━━ Material supplied

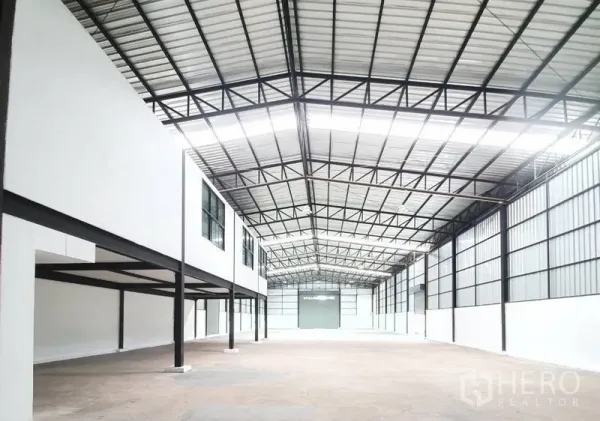 货栈 出租在Bang Khen, Bangkok - 明亮仓库大厅，带天窗与保温金属屋面，侧墙为白色面板。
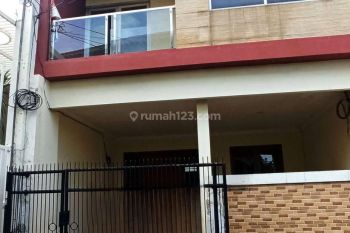 Disewakan rumah 3 lantai di duta garden,lokasi strategis,siap huni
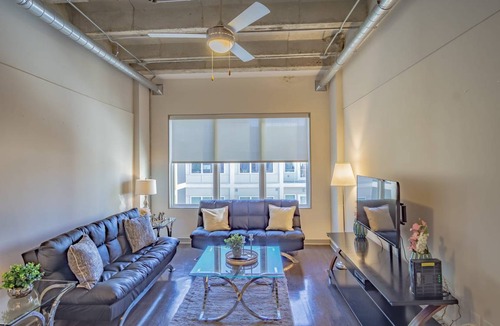 SoNo Apartment | 70 m² Apartment ∙ 1 bedroom ∙ 3 guests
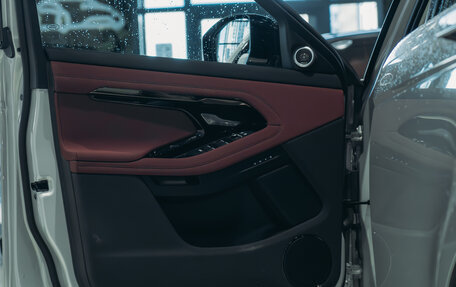 Land Rover Range Rover Evoque II, 2024 год, 6 070 000 рублей, 16 фотография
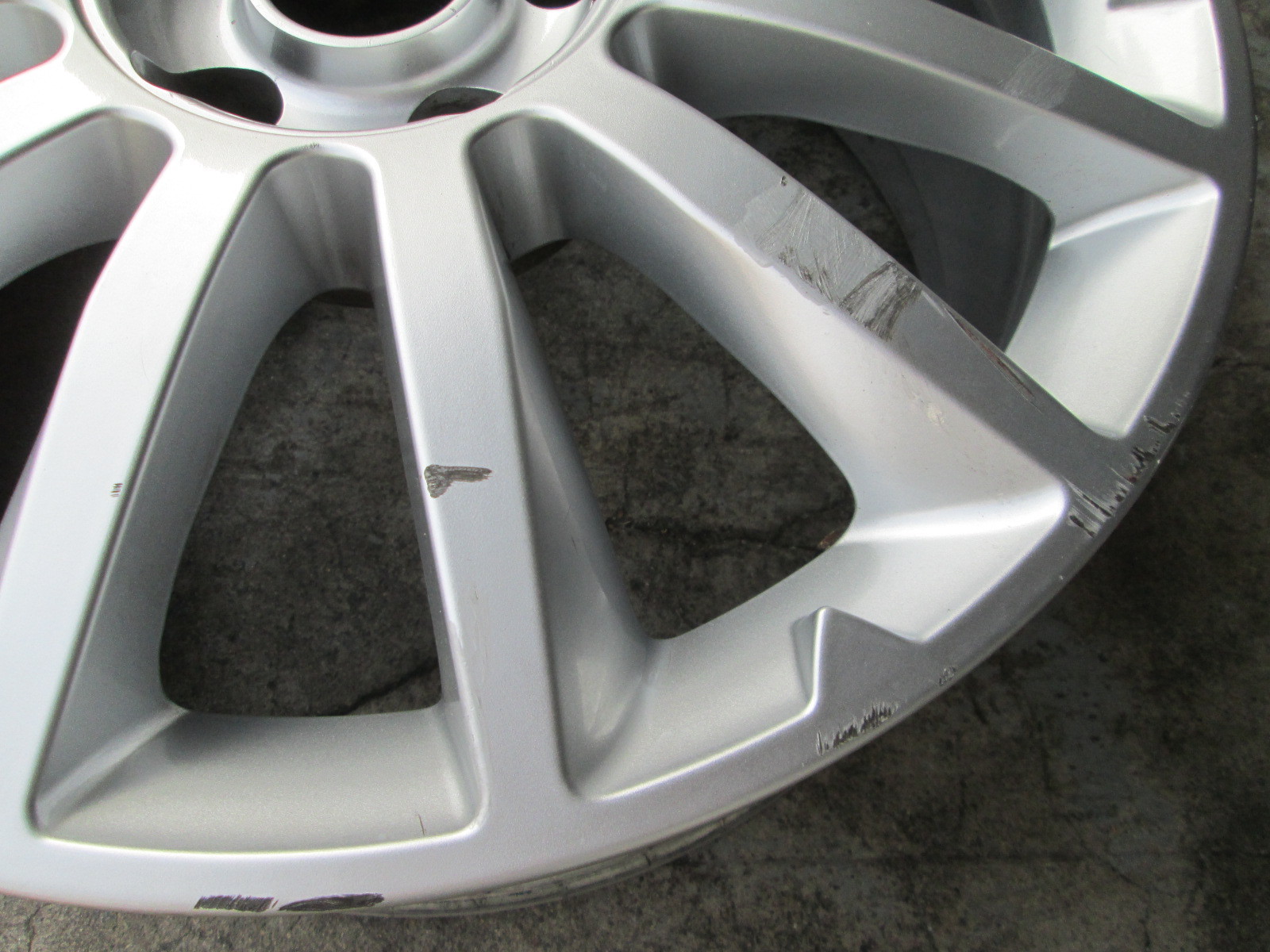 Maserati Ghibli - Front Wheel / Rim USED Part# 670010977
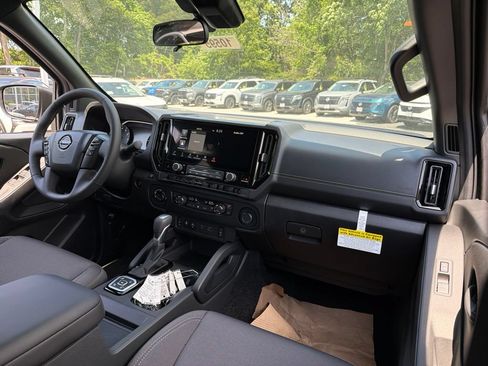 New 2026 Nissan Frontier SV AWD/4WD image 26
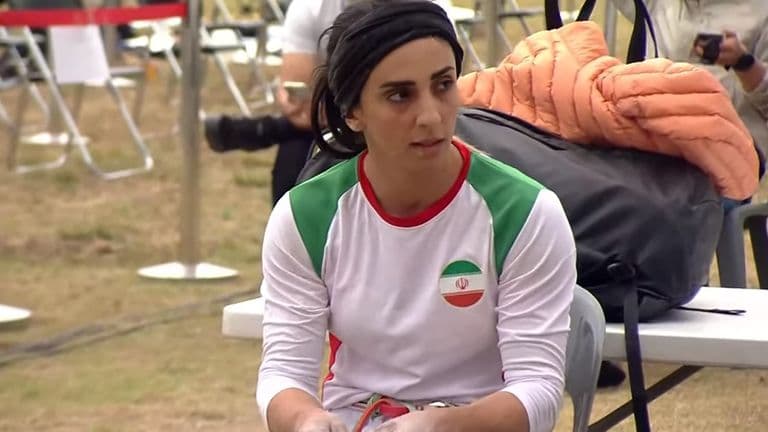 Atletja iraniane kërkon falje publike pasi garoi pa hixhab jashtë Iranit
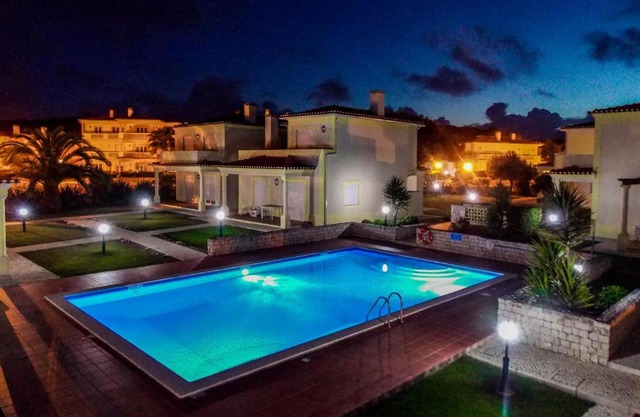 Praia Del Rey Pool View ByThe Sea
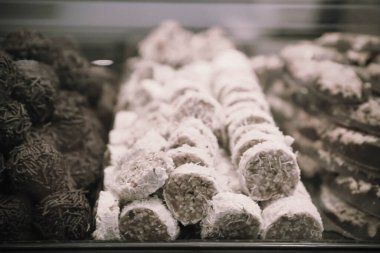 Bir grup çeşit kurabiye. Çikolata parçacıklı, yulaflı, kuru üzümlü, beyaz çikolatalı.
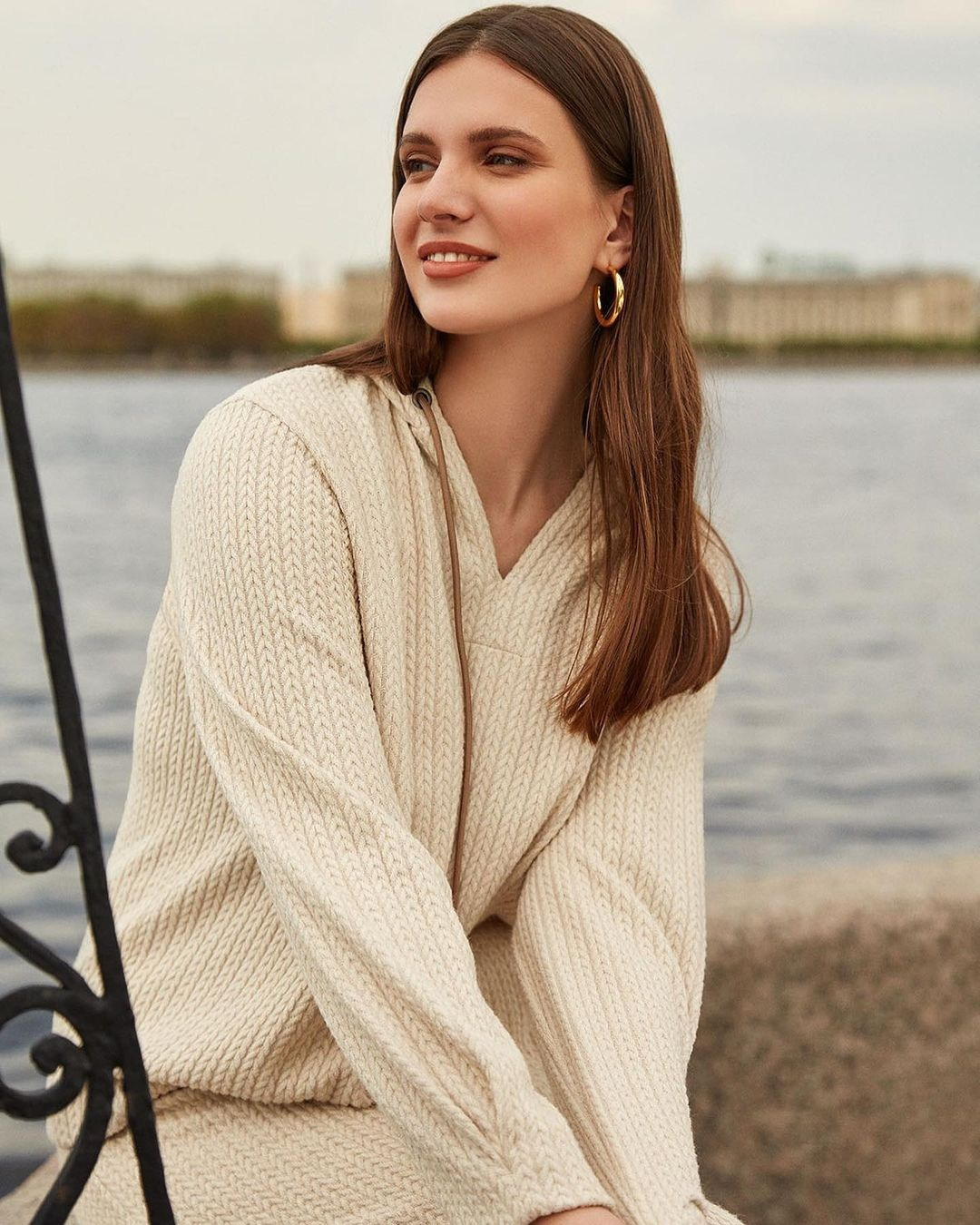 Модель Полина Новосибирск. Коммерческий фотограф для маркетплейсов Wildberries и Ozon в Новосибирске — фото и видео для брендов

━━━━

▶ [Action item]: Exactly the lines from the one containing "New 2026 Nissan Frontier SV AWD/4WD image 26" to the final line of the entries are wanted; please write them out, both ends included, but not the pictures.

▶ [Solution for this problem]:
 New 2026 Nissan Frontier SV AWD/4WD image 26
 Atletja iraniane kërkon falje publike pasi garoi pa hixhab jashtë Iranit
 Praia Del Rey Pool View ByThe Sea
 Bir grup çeşit kurabiye. Çikolata parçacıklı, yulaflı, kuru üzümlü, beyaz çikolatalı.
 Модель Полина Новосибирск. Коммерческий фотограф для маркетплейсов Wildberries и Ozon в Новосибирске — фото и видео для брендов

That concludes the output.